CA Bordeaux, 1re ch. civ. A, 16 mai 2012, n° 11-00171

BORDEAUX

Arrêt

Confirmation

PARTIES

Demandeur :

Delas

Défendeur :

Soupre

COMPOSITION DE LA JURIDICTION

Président :

Mme Lafon

Conseillers :

MM. Sabron, Lippmann

Avocats :

SCP Arsene-Henry - Lancon, SCP Gautier Fonrouge, SELARL Magret-Janoueix, Me Durand-Daudignon

TGI Bordeaux, du 27 juillet 2010

27 juillet 2010

Le 23 juin 2006 M. Fabrice Delas a vendu à M. et Madame Soupre un véhicule Opel zafira d'occasion mis en circulation en juillet 2003 et affichant au compteur 95 281 km au prix de 11 600 euro.

Il avait fait procéder la veille au remplacement des pneus avant par des pneus d'occasion pour un prix de 120 euro.

La visite du véhicule a eu lieu sur un parking.

Le soir de la prise de possession, les époux Soupre ont constaté qu'un de ces pneus était à plat.

Le lendemain, ils ont fait procéder au remplacement des pneus avant par le garage Point S Da Silva.

M. Soupre qui se plaignant de ce que le véhicule était délicat à conduire l'a ramené le 3 juillet 2006 au garage Point S afin qu'il procède à un contrôle du train avant.

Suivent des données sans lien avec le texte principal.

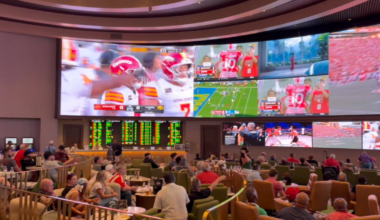 Raiders betting outlook: STN Sports sets win total at 5.5 entering NFL Week 1
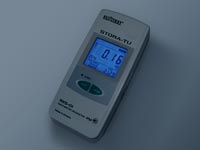 Dosimeter- Radiometer RKS-01 Stora-TU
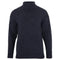 The Modern Submariner - Roll Neck Merino Wool Jumper Charcoal-Jumper-Paul James Knitwear-XS-Charcoal-Urbanheer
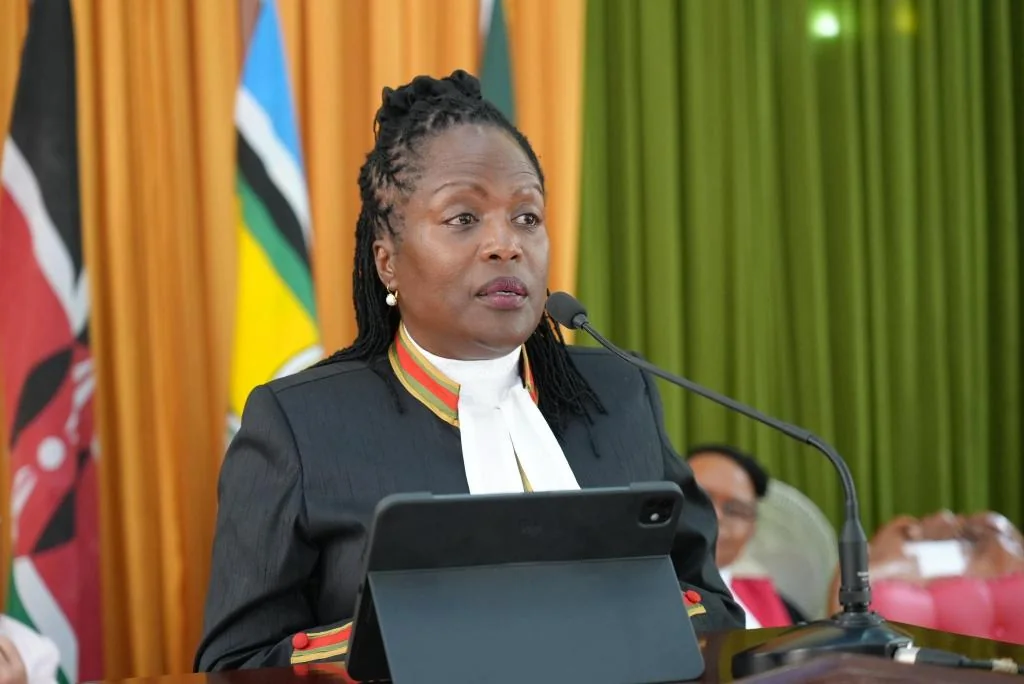 Judiciary puts court leaders under pressure to clear case delays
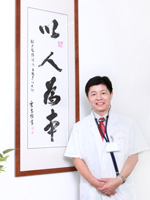 杨明森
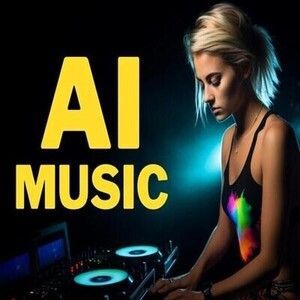 AI - Russian Poets Covers Compilation Part 1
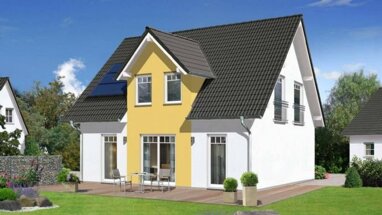 Einfamilienhaus zum Kauf Provisionsfrei 261.900 € 125 m² 600 m² Grundstück Nonnewitz Zeitz 06711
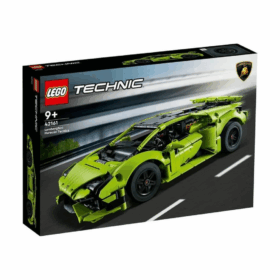 42161 ®  Lamborghini Huracán Tecnica 806 parça +9 yaş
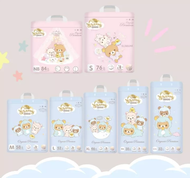 Cherry Baby รุ่น Rilakkuma Organic Premium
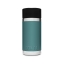 ขวดYETI ของแท้ Rambler 12 oz Stainless Steel Vacuum Insulated Bottle with Hot Shot Cap by YETI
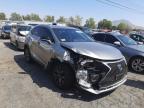 2017 LEXUS  NX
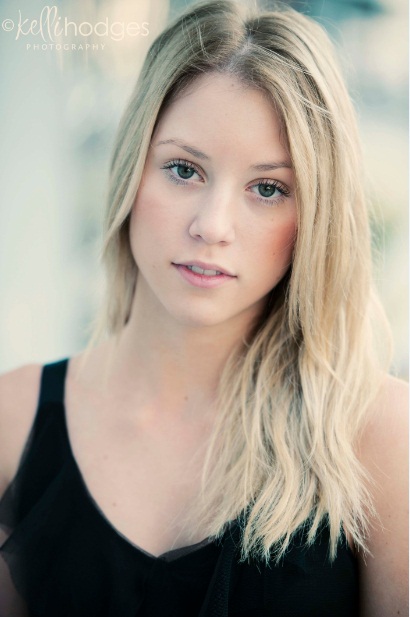 Female model photo shoot of Jordan Neslund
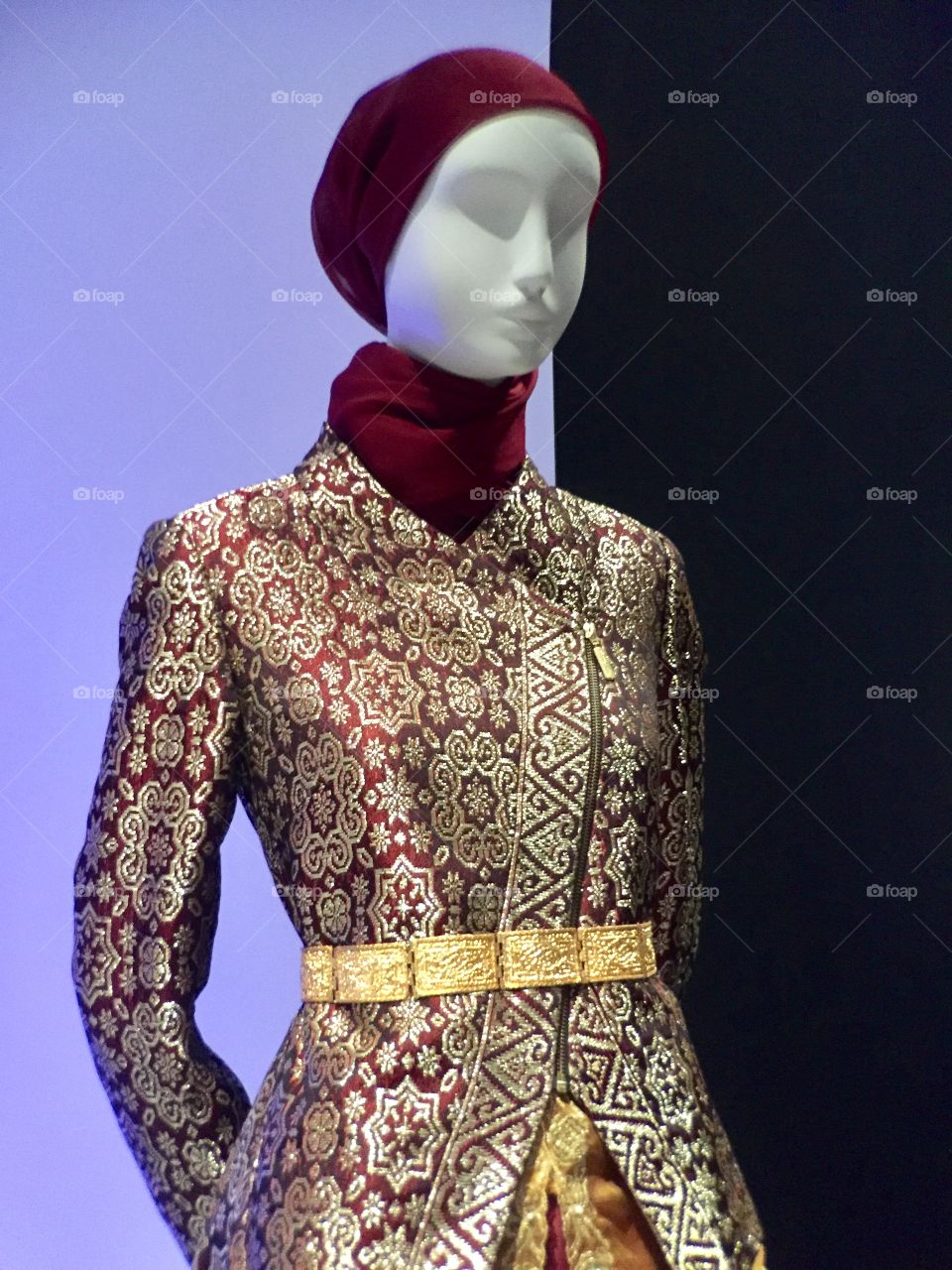 muslim fashion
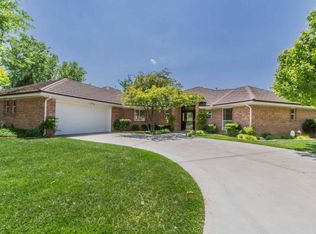 20 Citadel Dr, Amarillo, TX 79124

Par courrier du 5 juillet 2006, les époux Soupre ont mis en demeure M. Delas de leur restituer le prix de vente contre restitution du véhicule qui, selon eux, était affecté par un vice caché.

Le conseil de M. Delas leur a répondu par lettre du 18 juillet 2006 que son client n'était pas opposé au principe de la résolution de la vente sous réserve que le véhicule soit examiné par le garage Pigeon, concessionnaire Opel, auquel il avait été confié deux mois avant la vente.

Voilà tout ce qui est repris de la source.